News

Elon Musk reacts to GPT-4 scoring 93% on SAT exams

Human-level performance, which OpenAI claims lets GPT-4 do even better than a real human being on SAT exams, is one of the most intriguing elements

By Web Desk

March 15, 2023

Recently, in its most recent iteration, OpenAI released the GPT-4, its main large language model.— AFP/file

Twitter boss Elon Musk took to the microblogging platform to react to the new talk of the town: GPT-4. The news of the updated and more capable artificial intelligence passing SAT exams with flying colours has surprised many.

While reacting to GPT-4, the billionaire was quick to market his brain-chip startup Neuralink. "What will be left for us humans to do? We better get a move on with Neuralink!" he wrote.

Recently, in its most recent iteration, OpenAI released the GPT-4, its main large language model. The company claims that this new one is even smarter and can produce better outcomes because it has been educated on more data.

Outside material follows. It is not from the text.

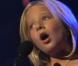 Jackie Evancho, 10 ans, a subjugué jeudi 12 août 2010 des millions de téléspectateurs d'America's got talent en interprétant magiquement un air de Puccini que chantèrent la Callas et bien d'autres divas !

GTP-4 is already being used by Bing's AI chatbot, according to a report from Microsoft reported by Ubergizmo. Judging by the way things are going, consumer product chatbots will probably start using this most recent version in the coming weeks.

The new model can respond to images, for example, by producing tags and descriptions and suggesting recipes based on images of the ingredients. It can process 25,000 words in total, which is around eight times as much as ChatGPT.

Human-level performance

Many of the AI demonstrations that mesmerised us over the past six months have been powered by OpenAI's GPT language, but what was already pretty good has gotten even better; the startup claims that the new model will be able to reply with fewer factually incorrect answers.

The so-called human-level performance, which the business claims lets GPT-4 do even better than a real human being on SAT exams, is one of the more intriguing elements, though. The new language received scores of 93% on the SAT reading exam, 89% on the SAT math exam, and 90% on the bar exam in simulated testing.

Is it truly the best?

Even with all of its power, GPT-4 still doesn't perform particularly well when it comes to making things up. In a recent blog post, the company claimed that its new product has limitations when it comes to social biases, hallucinations, and adversarial prompts but that they are already working on improvements.

According to a blog post by OpenAI, the differences between GPT-4 and GPT 3.5 are not noticeable in casual conversations but become apparent when the task's complexity exceeds a certain threshold because the newer version is more reliable, creative, and equipped to handle instructions with a variety of nuances.